ALERT: Some images may not load properly within the Knowledge Base Article. If you see a broken image, please right-click and select 'Open image in a new tab'. We apologize for this inconvenience.

Troubleshooting UIM Robot-Hub connectivity or communication issues

book

Article ID: 199577

calendar_today

Updated On:

Products

CA Unified Infrastructure Management On-Premise (Nimsoft / UIM) NIMSOFT PROBES DX Unified Infrastructure Management (Nimsoft / UIM) Unified Infrastructure Management for Mainframe CA Unified Infrastructure Management SaaS (Nimsoft / UIM)

Issue/Introduction

We are facing communication errors on 15 windows servers where robots are installed. Also we are not able to install probes on those servers. Cannot connect to these robots via IM->Tools->Connect. Some robots have their service running but send robot inactive alarms and appear red in the Infrastructure Manager/Admin Console.

Environment

Release : 9.0.2 or higher

Component : UIM - ROBOT

Resolution

Check if anything changed on the date when the robots first started exhibiting connectivity/communication issues, e.g, upgrade of the robot, change in IP address, change in configuration, networking/routing changes, security changes, etc.

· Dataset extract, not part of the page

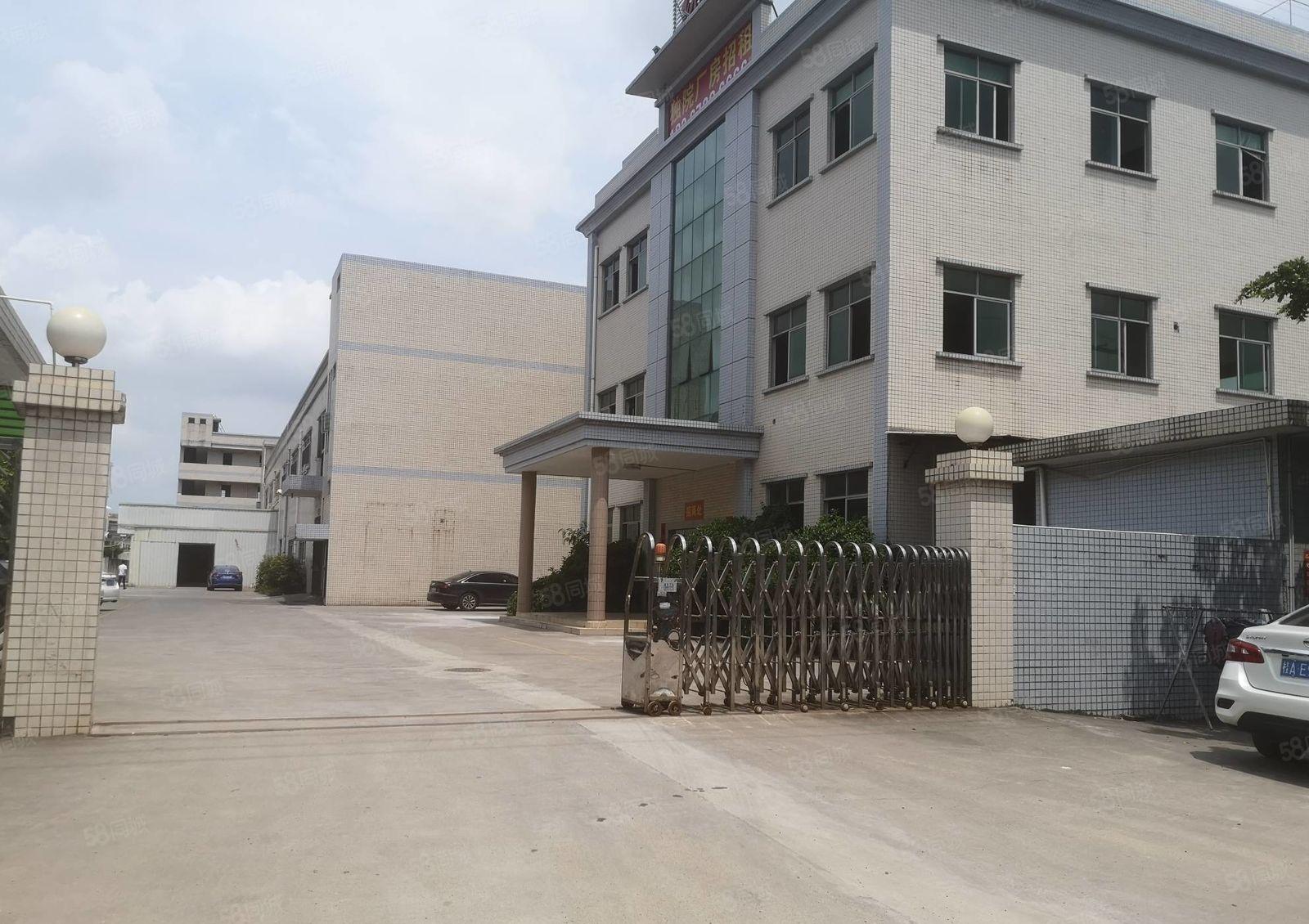 园洲主路边 原房东独院7000平厂房出租 带装修大小可分租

Run the hostname command on the robot machine to make sure it displays the correct/expected hostname

Test if you can ping the robot from the hub and vice versa but we realize that sometimes ping is not allowed due to security.

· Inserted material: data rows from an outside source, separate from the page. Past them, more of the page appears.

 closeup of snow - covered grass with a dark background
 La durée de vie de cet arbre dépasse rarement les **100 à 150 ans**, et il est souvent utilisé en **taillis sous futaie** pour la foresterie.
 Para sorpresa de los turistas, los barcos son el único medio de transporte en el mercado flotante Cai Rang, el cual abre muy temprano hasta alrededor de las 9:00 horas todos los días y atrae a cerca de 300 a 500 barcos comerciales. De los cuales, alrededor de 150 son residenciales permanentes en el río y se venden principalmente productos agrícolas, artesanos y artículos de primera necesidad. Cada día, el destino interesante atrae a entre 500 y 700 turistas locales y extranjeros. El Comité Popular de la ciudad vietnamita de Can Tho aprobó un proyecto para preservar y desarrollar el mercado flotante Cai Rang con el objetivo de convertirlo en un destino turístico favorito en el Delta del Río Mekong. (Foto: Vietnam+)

See if you can resolve the host from each respective host

   From the hub, nslookup <robot_hostname>

   From the robot, nslookup <hub_hostname>

See if you can connect successfully to and from the hub and robot via telnet, e.g.,

   telnet TO the robot FROM the hub on port 48000
   telnet TO the hub FROM the robot on port 48002

If telnet is disabled, enable it if possible or use the Putty utility if there is not other option.

On the robots, check if the following robot probes show as green and show ports AND PIDs?
   
   - controller, hdb, and spooler

Are the controller, hdb, and spooler processes running? If not, it's possible that they are either being blocked or the robot installation was not 100% successful.

On Windows, check the Nimsoft Robot Watcher Service to make sure it's running and in the IM, controller and hdb and spooler should have a port and pid on a robot.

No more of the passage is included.